Эти процессы происходят синхронно по обе стороны «железного занавеса». Так же, как и в СССР, во Франции 1950-х власти вдруг озабочиваются индивидуальным благосостоянием граждан. Начиная с этого времени французская пресса регулярно печатает бравурные репортажи о росте числа французов, имеющих в своей квартире ванну, телевизор, холодильник. В сфере услуг и здесь, и там происходит переход от фордистской модели послушного работника, дисциплинированной машины, к новой модели сотрудника предприятия, который сам заинтересован в успехе производства.

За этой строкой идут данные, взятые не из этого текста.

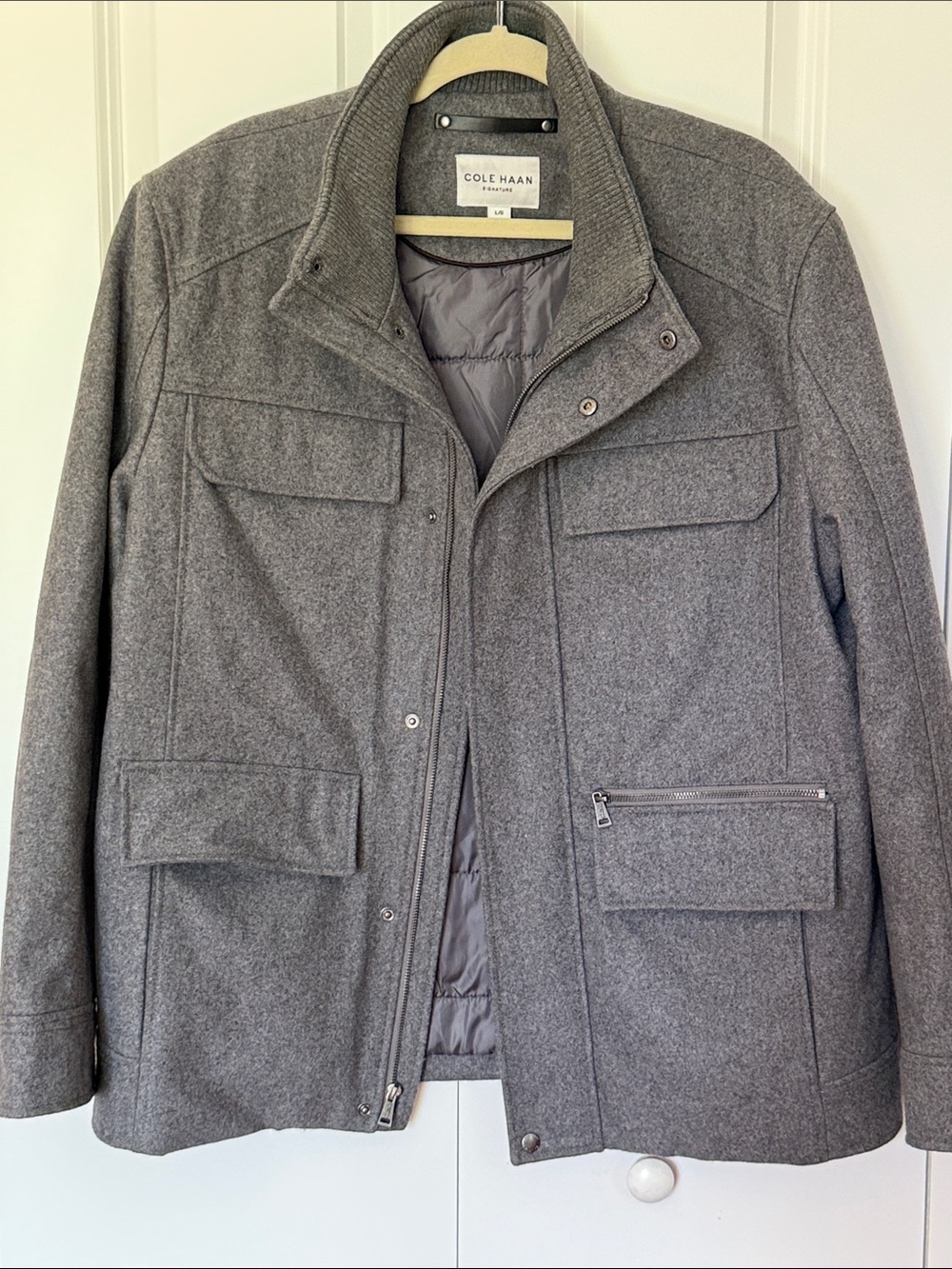 Cole Haan Gray Wool-Blend Insulated Coat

В СССР смягчились формы преследования политических оппонентов: если при Сталине им предназначался лагерь или расстрел, то в последующую эпоху политический протест и в СССР, и на Западе подвергся психиатризации: государство стало представлять инакомыслящих не как сознательных и опасных преступников, а как психически нездоровых людей. В целом, режим управления обществом сместился от стратегий силового доминирования к строительству собственной культурной и экономической гегемонии как внутри страны, так и за ее пределами. С этим обстоятельством во многом связано повторное рождение социальных наук в СССР. Так, побывав на Международном социологическом конгрессе 1956 г., делегация советских ученых была поражена: зарубежные интеллектуалы в открытую порочат СССР! Но реакцией был не разрыв связей, а наоборот, их интенсификация: на Запад начали отправлять больше ученых, чтобы те разъясняли коллегам «преимущества социалистического образа жизни».

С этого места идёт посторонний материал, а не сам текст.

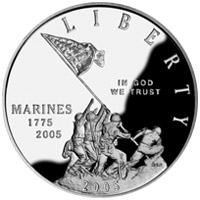 合衆国海兵隊230周年記念1ドル銀貨 表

Наконец, понятие «массы», столь важное в советской риторике еще с дореволюционного периода до 1950-х гг., постепенно исчезает из лексикона вождей и уже практически не встречается в 1970-х гг., где его заменило понятие «население». Население не сводится ни к «массам», ни к «подданным». За ним признается собственный смысл, специфическое целеполагание, стремление к собственному благу, не совпадающему с благом руководства. Согласно Мишелю Фуко, само понятие «население», как политическая и административная категория, появляется в тот момент, когда государство перестает мыслиться как собственность суверена и начинает определяться через светский государственный интерес и аппарат его реализации — правительство, профессиональный слой, берущий на себя организацию населения, этой новой реальности. Показательно, что Фуко возводит генезис «либерального правления» к европейскому XVI в., но разрабатывает он эту концепцию как раз в 1970-х гг., по ту сторону «железного занавеса», т.е. в тот момент, когда «тихие» политические революции происходят параллельно и в СССР, и во Франции.

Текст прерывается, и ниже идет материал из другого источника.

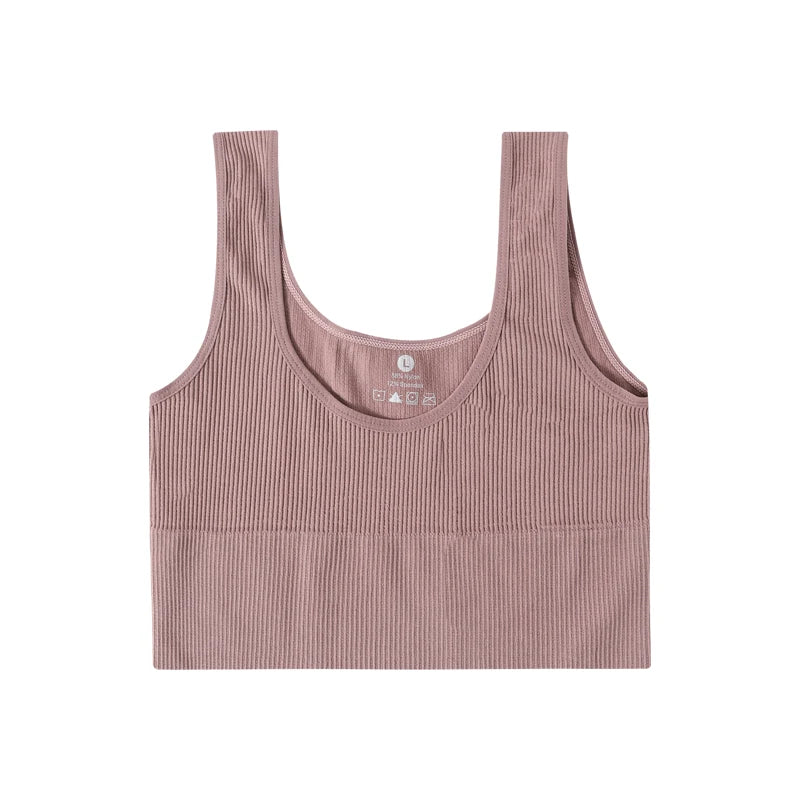 RibSculpt™ seamless ribbed camisole in soft mauve, ideal for fitness and everyday wear.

Параллельно происходит еще одно ключевое изменение: если ранее высшее руководство государства претендовало на прямое вмешательство в смысловые и организационные структуры науки (вспомним «языковеда» Сталина), то начиная с 1960-х эта модель прямого политического участия в интеллектуальном пространстве растворяется в противоположной тенденции. Начинают складываться основы экспертного порядка, когда политическое руководство не вмешивается само в производство интеллектуальных смыслов, но организует вокруг себя пояс экспертных советов, где главную роль принадлежит Академии наук. В послевоенный период ученые все плотнее включаются в предварительные совещания, в составление перспективных прогнозов и планов развития общества на 5 и 10 лет, таким образом постепенно интегрируясь в аппарат принятия решений. Без громких слов и потрясений происходит возникают некоторые структуры, принципиально близкие модели европейского либерального управления обществом.

 

О легитимности социального устройства

Самый распространенный взгляд на социальный порядок – это что-то, навязанное извне нашей свободной личности. Однако это очень ограниченный и льстящий нам способ определять свое существование в обществе. На самом деле, социальный порядок лежит не только на стороне институций и внешнего принуждения, он заключен также внутри нас самих, проявляясь в привычках, мнениях, в консенсусе с другими. Это хорошо показало исследование механизмов, легитимирующих социальное неравенство. В его рамках я предлагал людям из нескольких европейских стран (прежде всего, России и Франции), представителям разных социальных слоев, сделать рисунок общества, каким они его себе представляют. Другим респондентам я предлагал распределить по группам карточки с названиями разных профессий, выстроить из них иерархию, после чего поменять этот порядок согласно справедливости. Результаты оказались очень интересными. Они выявили как межстрановые отличия в восприятии людьми социального устройства, так и сближения между людьми, которые живут в разных обществах, но занимают схожие социальные позиции.

Например, в России практически отсутствует такая профессиональная категория, как «ремесленники» – что объясняется разделением труда, сложившимся в советский период. Поэтому те профессии, которые французские респонденты помещают в обширную категорию ремесленников – от булочников и сапожников до (гораздо реже) продавцов электроники – жители России относят к промышленным рабочим или служащим. Интересно, как воспринимаются такие двусмысленные профессиональные категории, как спортсмен. В России спортсмен – это, прежде всего, человек, работающий телом. Во Франции это человек, появляющийся в телевизоре. Он попадает в одну категорию с журналистами и телеведущими, нередко служит «лицом» профессий, связанных со СМИ.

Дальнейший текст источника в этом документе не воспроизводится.